YOUR INSTRUCTIONS -> Return the full listing character for character, without its pictures.

DATA EXCERPT ->
- Opening Delimiter -

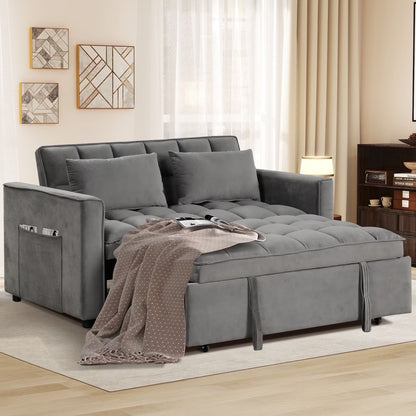 Convertible Sofa Bed Versatile Velvet Sofa Pullout Bed,55 Inch Couch Adjustable Backrest,Gray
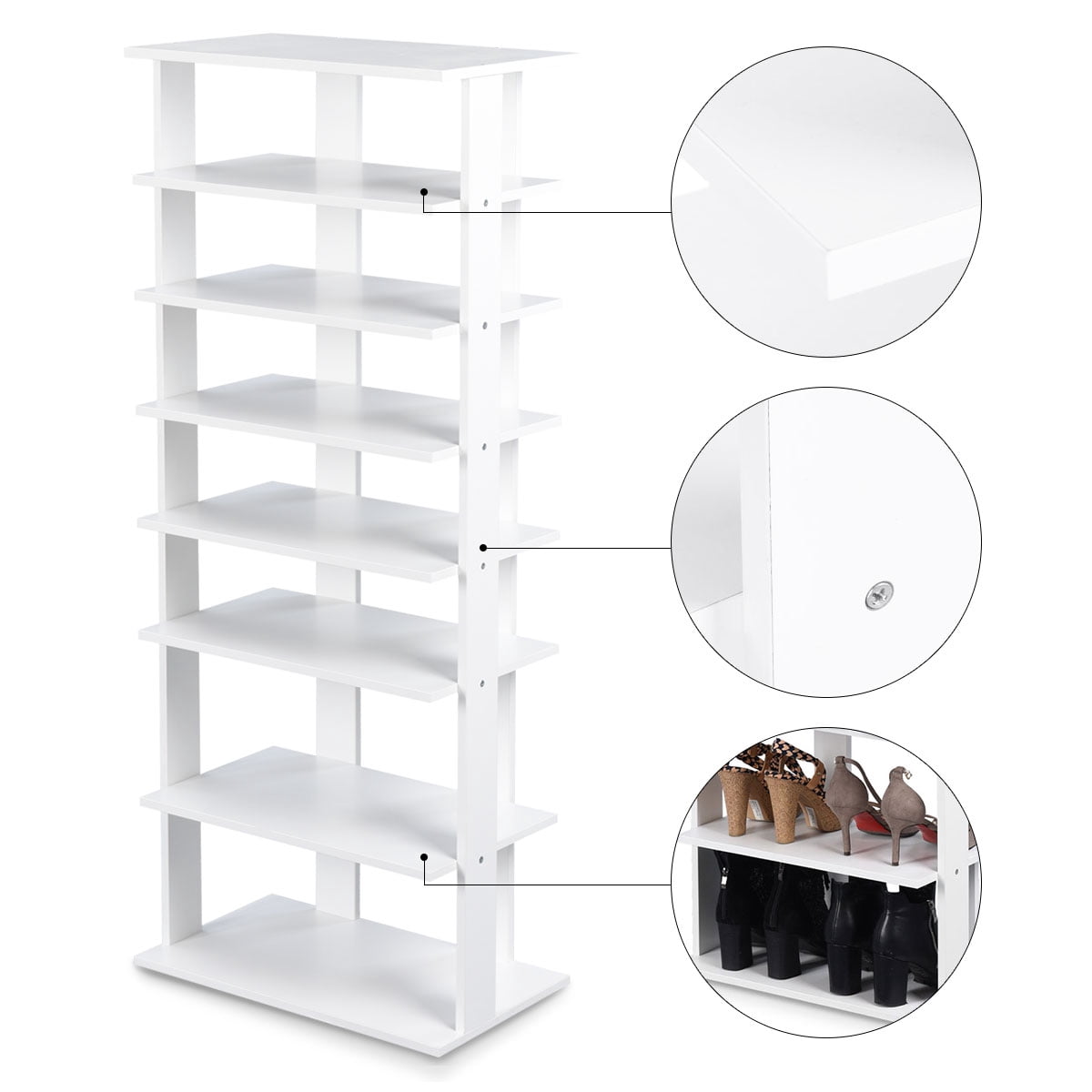 Topbuy 7-Tier Shoe Rack with Freestanding Shelves, Wood, White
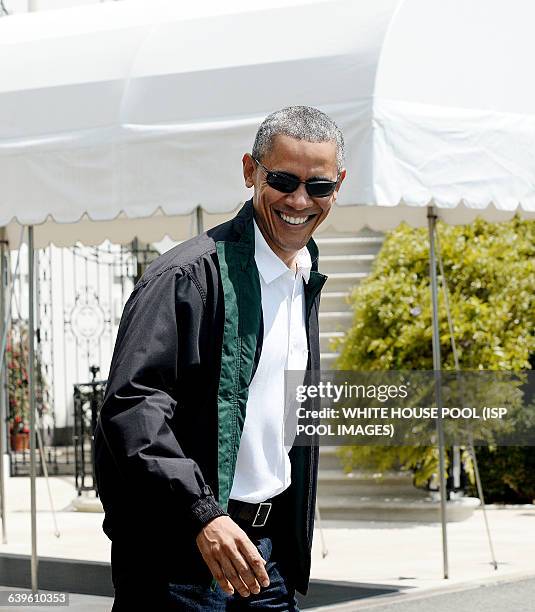 President Barack Obama walks towards Marine One on the South Lawn of the White House prior to his departure May 2, 2015 in Washington, DC. The...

- Closing Delimiter -

RESULT BELOW ->
 Convertible Sofa Bed Versatile Velvet Sofa Pullout Bed,55 Inch Couch Adjustable Backrest,Gray
 Topbuy 7-Tier Shoe Rack with Freestanding Shelves, Wood, White
 President Barack Obama walks towards Marine One on the South Lawn of the White House prior to his departure May 2, 2015 in Washington, DC. The...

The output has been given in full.